Support *BSD operating systems.
One of the benefits of WSL is that many server environments are Linux systems and the developer can validate many changes locally before deployment.
Similarly, various *BSD variants (Free-, Open-, etc.) are also frequently used on servers and developers could benefit immensely from having similar functionality.
This will likely be a larger item than allowing multiple Linux distributions on WSL due to the differences in system call structure.
WSL executes unmodified Linux binaries by emulating a Linux kernel interface on top of the Windows NT kernel. WSL translates the Linux syscalls to NT syscalls. This can be particularly challenging when that are not one-to-one matches between the Linux and NT kernels.
In order to support the BSDs Microsoft would have to also emulate a BSD kernel interface on top of the NT kernel to interpret BSD syscalls.
The first problem is that the BSDs implement syscalls using stack, not CPU registers like Linux and NT, which would require a lot of effort to translate between, likely diminishing any performance improvements from running a BSD.
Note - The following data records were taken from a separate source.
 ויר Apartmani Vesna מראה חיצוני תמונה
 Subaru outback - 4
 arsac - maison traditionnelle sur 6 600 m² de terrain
The second big problem is that unlike Linux each BSD implements syscalls slightly differently in their kernels. The WSB layer would have to know and be able to translate between OpenBSD, FreeBSD, NetBSD, and DragonflyBSD and NT syscalls.
You're asking Microsoft to duplicate their existing effort to support BSDs and to introduce a massive degree of complexity, it's not clear you would get much better than the existing minimal Linux environments you can already install, either from the Microsoft Store or manually.
I would recommend you just run a BSD environment in a container on top of WSL, which is already executing at near-native speed. Let qemu handle the syscall translations.
If this were in place I think I'd live in Windows full-time.
Aristotle Cajetan commented
Theoretically, could someone from the WSL team go through what sort of differences you would have with WSL and BSD? I am just curious as to how that would work, I mean as far as licensing I know its the same issue. The only real reason why WINE in Linux is broken has to do with the API call that you would get in windows, which they can't be able to make because otherwise legal problems.
It would be nice to simply have Microsoft assure Linux users, that using the API in the same manner Windows is now using Linux to get MacOS developers, and Linux developers back to Windows, or at least increase the productivity of Windows developers (a good thing). If that were the case, we would see much greater interoperability going both ways. Alright thanks! I myself, believe in what WSL is doing is going to be something good for the space. I really appreciate what you guys are doing, this is from a real rabid linux fan. I came back to windows, because I could finally have my familiar environment with the stability that windows offers, plus the network effect you guys have in the software side of things.